▶ Your goal: Would you print, word for word, only the lines running from the line with "연애혁명 418화 416_내시반청 46" to the last line of the entries, without the pictures?

▶ Records for the task:

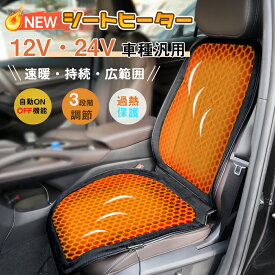 ★限定500円OFF→2680★シートヒーター カーシート 車用 後付け 座布団 車 12v 24v 自動ON/OFF 過熱保護 シガーソケット 運転席 助手席 カーシート ヒーター ホットカーシート シートカバー 防寒対策 暖房 車種汎用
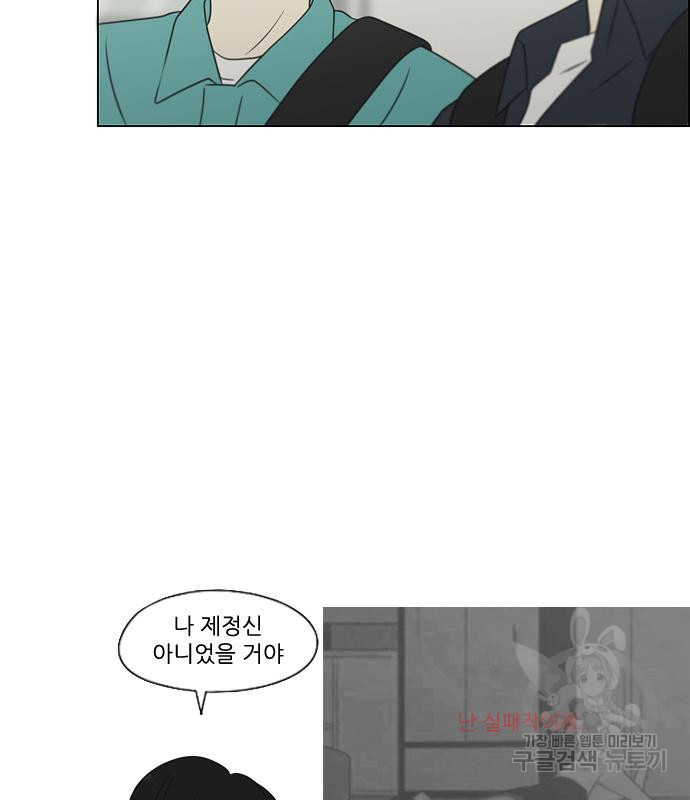 연애혁명 418화 416_내시반청 46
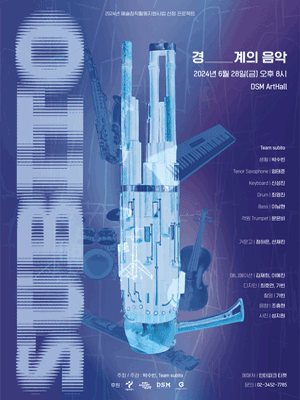 SUBITO 경계의음악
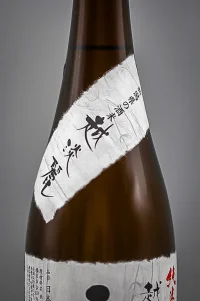 koshino-yukitsubaki-koshidanrei-junmai-ginjo-06.webp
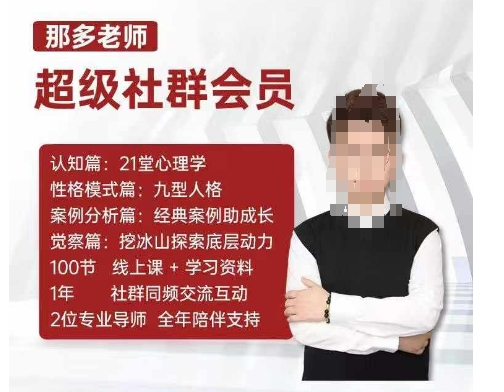那多老师超级社群会员:开启自我探索之路,提升内在力量插图 那多老师超级社群会员:开启自我探索之路,提升内在力量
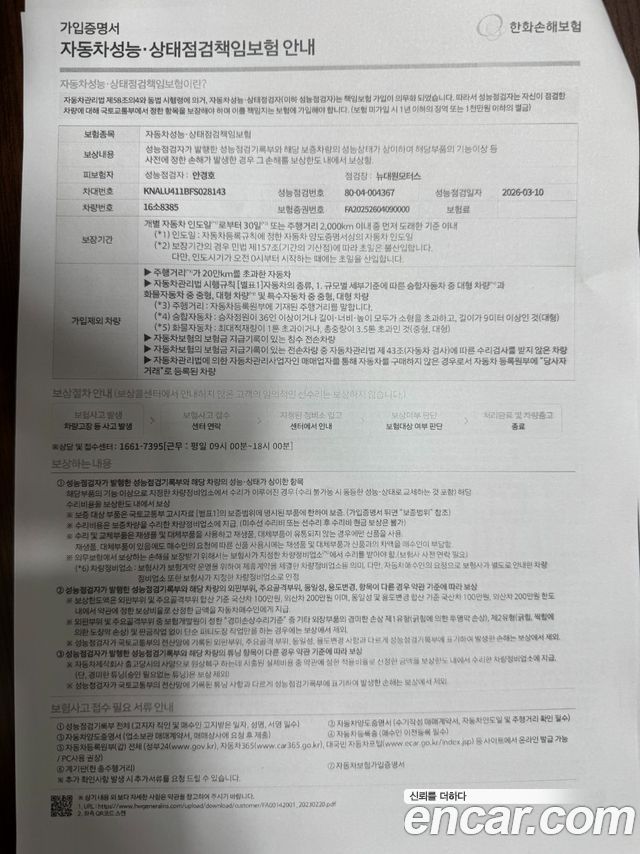 Kia K9 2015 — photo 19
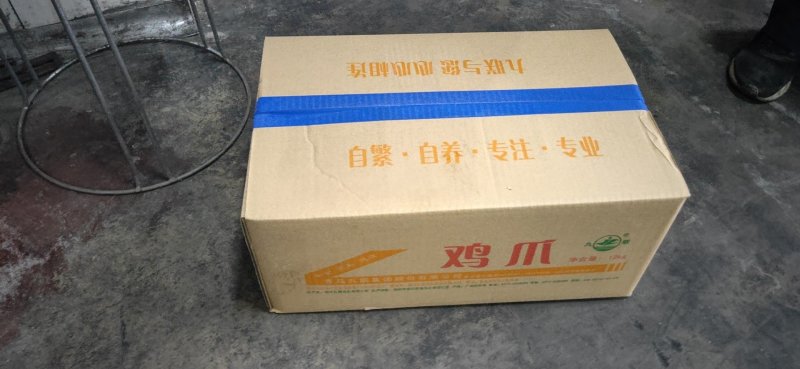 鸡爪(钦州九联食品)价格美丽！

▶ Result of this exercise:
 연애혁명 418화 416_내시반청 46
 SUBITO 경계의음악
 koshino-yukitsubaki-koshidanrei-junmai-ginjo-06.webp
那多老师超级社群会员:开启自我探索之路,提升内在力量插图 那多老师超级社群会员:开启自我探索之路,提升内在力量
 Kia K9 2015 — photo 19
 鸡爪(钦州九联食品)价格美丽！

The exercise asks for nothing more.